Pozytywną oznaką ożywienia sytuacji w firmie są też z pewnością niedawne przejęcia firm: secuSMART, które ma zwiększyć ofertę ultrabezpiecznych usług oferowanych dla biznesu oraz firmy Movirtu, która zajmuje się technologiami wirtualizacji kart SIM. Przejęcie Movirtu przez BlackBerry ma wzmocnić działalność firmy w obszarze BYOD.

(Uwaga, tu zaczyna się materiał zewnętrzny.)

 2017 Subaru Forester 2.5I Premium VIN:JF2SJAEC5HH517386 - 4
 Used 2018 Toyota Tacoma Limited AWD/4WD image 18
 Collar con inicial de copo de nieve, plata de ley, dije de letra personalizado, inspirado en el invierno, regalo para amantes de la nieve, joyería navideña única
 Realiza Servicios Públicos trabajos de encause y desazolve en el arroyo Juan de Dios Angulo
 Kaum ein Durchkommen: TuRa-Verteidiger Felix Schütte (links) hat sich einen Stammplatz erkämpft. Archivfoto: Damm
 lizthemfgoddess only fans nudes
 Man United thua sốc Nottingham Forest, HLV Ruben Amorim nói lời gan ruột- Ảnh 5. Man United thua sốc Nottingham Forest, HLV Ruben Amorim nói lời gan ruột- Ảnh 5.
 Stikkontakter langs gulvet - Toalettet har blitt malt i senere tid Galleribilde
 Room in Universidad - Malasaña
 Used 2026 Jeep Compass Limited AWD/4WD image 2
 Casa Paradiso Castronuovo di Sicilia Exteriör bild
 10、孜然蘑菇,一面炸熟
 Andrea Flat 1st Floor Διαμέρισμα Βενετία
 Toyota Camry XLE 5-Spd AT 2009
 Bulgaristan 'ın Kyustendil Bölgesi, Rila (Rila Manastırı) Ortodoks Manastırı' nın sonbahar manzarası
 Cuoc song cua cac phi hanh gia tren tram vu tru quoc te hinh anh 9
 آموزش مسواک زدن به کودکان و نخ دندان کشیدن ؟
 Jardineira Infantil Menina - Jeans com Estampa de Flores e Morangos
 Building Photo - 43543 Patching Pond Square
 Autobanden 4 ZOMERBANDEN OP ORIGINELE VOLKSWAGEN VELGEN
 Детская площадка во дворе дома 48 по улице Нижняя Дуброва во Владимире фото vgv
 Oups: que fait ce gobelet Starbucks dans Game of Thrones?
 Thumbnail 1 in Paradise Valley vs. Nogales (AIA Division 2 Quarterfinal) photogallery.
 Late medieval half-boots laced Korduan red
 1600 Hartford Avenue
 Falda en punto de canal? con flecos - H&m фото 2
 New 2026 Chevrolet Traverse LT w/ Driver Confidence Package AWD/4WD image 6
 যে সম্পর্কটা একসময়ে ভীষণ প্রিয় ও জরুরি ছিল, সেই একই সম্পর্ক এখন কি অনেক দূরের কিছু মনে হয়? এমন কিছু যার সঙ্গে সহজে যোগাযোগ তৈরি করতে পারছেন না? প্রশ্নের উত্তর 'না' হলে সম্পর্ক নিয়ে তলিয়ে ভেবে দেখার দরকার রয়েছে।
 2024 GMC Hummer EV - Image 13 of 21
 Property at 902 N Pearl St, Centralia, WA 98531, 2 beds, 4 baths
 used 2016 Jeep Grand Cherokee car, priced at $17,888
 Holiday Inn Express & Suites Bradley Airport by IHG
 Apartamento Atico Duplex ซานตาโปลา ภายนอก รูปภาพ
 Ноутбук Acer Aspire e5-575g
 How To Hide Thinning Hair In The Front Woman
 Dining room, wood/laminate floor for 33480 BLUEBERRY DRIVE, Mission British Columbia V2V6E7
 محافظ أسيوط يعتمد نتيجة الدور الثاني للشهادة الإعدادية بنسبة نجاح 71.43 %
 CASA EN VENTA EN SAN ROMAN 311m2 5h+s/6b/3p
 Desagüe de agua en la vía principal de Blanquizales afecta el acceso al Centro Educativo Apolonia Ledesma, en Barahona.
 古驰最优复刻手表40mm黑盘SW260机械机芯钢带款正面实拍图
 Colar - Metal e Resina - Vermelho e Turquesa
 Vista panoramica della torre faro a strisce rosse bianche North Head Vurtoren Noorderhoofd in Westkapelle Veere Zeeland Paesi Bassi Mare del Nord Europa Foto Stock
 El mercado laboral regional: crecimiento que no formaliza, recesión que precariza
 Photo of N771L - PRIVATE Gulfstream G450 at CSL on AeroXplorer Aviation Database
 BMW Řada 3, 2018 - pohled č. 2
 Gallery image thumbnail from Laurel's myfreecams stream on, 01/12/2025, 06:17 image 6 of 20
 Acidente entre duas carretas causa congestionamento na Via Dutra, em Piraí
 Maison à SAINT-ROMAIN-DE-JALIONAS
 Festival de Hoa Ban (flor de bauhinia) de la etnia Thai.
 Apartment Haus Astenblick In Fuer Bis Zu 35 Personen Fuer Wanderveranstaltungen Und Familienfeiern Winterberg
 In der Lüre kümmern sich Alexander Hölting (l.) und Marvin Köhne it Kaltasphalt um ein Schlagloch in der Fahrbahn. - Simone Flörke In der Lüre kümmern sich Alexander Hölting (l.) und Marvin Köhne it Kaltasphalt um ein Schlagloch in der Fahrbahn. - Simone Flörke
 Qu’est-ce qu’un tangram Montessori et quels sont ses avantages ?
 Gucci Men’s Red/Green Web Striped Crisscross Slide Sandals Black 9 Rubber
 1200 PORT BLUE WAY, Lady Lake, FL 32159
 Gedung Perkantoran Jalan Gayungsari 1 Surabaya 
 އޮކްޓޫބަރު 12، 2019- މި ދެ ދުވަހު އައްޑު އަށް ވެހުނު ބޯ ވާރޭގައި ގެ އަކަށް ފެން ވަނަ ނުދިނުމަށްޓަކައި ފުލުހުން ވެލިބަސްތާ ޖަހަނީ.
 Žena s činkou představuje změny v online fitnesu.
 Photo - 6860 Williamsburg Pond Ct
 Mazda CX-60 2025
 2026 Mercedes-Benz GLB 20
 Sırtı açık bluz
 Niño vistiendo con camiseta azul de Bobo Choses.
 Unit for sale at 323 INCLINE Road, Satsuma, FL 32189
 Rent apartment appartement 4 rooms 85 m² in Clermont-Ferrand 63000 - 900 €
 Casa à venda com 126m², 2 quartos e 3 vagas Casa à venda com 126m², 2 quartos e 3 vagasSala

Przedstawione powyżej ostatnie działania firmy, pozwalają sądzić, że BB odzyskało już nie tylko równowagę i stabilność wewnątrz firmy, ale też szybko przenosi się na ścieżkę rozwoju, która może zaowocować nie tylko nowymi, ciekawymi smartfonami, ale też zwiększeniem tempa prac nad systemem operacyjnym. W tym miejscu wypada też docenić znajomość rynku i doświadczenie jakie posiada John Chen. Bo co by o nim nie mówić, to jego plan i działania zaczynają przynosić pozytywne efekty. A kierowana przez niego firma powoli wychodzi na prostą.
Aż chciało by się rzec: GO BLACKBERRY, GO !!!!!